I was reading: https://groups.google.com/forum/#!topic/druid-user/4OVoJPQgGdE,
Gian mentioned that “You get MDEs if all tasks fail to receive the event.”.

My Setup: Druid 0.8.3 Tranquility: 0.7.3
“task.replicants”: “2” and I can see that two tasks were running for each partition, say partition_0_0 and partition_0_1, I’ve seen below behavior

  • When I kill one middle manager (the one running partition_0_1), then MessageDroppedException was thrown. After 15minutes, the task for partition_0_1 got FAILED, and no more MessageDroppedException
  • After partition_0_1 FAILED, seems no data loss for the period (15minutes), the indexing is running with single replicant.
  • When I killed Middle Manager for partition_0_0, MessageDroppedException is thrown when both replicants were down, and messages start to actually loss

My question is:
1. Why MDE was thrown regard less of there is an available replicant?
2. How to properly distinguish if a message is "REALLY" dropped vs. just one replication is not available

Code:

    public void pushMessage(Map<String, Object> message, AtomicLong failedCounter, AtomicLong droppedMessages) {
        tranquilizer.send(message).addEventListener(
            new FutureEventListener<BoxedUnit>() {
                @Override
                public void onSuccess(BoxedUnit value) {
                }

                @Override
                public void onFailure(Throwable e) {
                    if (e instanceof MessageDroppedException) {
                        // Only when all replicas of a partition failed to index
                        // then a message is considered to be dropped
                        droppedMessages.incrementAndGet();
                    }

                    // As long as one replica is available, indexing should be availbale
                    // increment failedCount as an event indicator
                    failedCounter.incrementAndGet();
                }
            });
    }

Any thought would be appreciated!

Hi Shuai, I don’t believe right now with the metrics there is a way to distinguish messages dropped for real vs when a replicant is down.
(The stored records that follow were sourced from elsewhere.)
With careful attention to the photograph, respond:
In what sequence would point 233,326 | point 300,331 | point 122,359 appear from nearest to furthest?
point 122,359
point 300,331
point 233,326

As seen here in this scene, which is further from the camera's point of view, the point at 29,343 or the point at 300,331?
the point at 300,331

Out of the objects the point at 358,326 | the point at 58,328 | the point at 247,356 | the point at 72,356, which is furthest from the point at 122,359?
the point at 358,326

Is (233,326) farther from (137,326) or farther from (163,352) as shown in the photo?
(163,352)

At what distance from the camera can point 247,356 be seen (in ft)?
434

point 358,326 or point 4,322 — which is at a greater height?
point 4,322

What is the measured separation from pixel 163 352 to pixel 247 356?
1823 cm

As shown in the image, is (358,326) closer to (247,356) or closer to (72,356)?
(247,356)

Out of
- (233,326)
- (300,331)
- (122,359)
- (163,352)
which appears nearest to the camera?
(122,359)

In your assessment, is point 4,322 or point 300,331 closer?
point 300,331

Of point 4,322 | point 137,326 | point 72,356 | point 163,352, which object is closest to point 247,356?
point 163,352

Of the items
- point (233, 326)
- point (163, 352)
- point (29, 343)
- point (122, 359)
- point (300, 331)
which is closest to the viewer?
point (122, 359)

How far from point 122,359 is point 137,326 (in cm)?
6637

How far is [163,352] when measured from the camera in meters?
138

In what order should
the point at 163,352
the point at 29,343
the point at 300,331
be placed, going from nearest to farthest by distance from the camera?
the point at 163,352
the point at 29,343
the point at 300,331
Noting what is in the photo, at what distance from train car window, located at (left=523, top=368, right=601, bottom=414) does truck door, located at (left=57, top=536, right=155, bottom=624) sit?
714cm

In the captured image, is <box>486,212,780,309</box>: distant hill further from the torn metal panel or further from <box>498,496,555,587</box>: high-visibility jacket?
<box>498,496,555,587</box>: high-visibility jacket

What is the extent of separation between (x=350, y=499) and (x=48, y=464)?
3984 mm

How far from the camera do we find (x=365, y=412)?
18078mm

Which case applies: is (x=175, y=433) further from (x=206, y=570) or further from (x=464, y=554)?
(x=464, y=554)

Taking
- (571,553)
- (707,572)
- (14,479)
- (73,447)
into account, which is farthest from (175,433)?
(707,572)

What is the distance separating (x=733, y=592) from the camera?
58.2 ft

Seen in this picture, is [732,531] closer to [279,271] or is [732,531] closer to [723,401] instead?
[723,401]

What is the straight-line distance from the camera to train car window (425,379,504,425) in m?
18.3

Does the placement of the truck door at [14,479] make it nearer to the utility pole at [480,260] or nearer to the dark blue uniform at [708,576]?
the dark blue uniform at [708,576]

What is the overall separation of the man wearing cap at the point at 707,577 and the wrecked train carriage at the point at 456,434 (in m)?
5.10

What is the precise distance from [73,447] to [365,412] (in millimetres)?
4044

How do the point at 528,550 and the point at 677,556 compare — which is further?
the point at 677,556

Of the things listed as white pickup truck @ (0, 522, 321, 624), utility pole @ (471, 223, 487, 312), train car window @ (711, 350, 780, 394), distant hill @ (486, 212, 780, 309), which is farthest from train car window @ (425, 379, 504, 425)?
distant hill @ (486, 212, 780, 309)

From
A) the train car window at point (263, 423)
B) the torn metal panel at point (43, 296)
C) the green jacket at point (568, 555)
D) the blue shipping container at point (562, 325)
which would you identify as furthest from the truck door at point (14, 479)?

I think it’ll be useful to have this feature though. Is your metrics collector able to locate tasks and their replicas right now?

Thanks Fangjin,Is your metrics collector able to locate tasks and their replicas right now?
For now, all the metrics I collect is actually by query zookeeper /druid path. I can get number of running tasks there. I can probably query Mysql for failed tasks, however, it seems a bit hacky. Is there an curl GET API for getting num tasks or get number of failed tasks for a certain segment?

As far as I understand Druid metric emitter, Druid requires an endpoint to post metrics as events, is that correct?

Hi Shuai, have you had a chance to read:
http://druid.io/docs/0.9.0/operations/metrics.html

Druid emits metrics over HTTP, to stdout, or using extensions, to a variety of different collection services.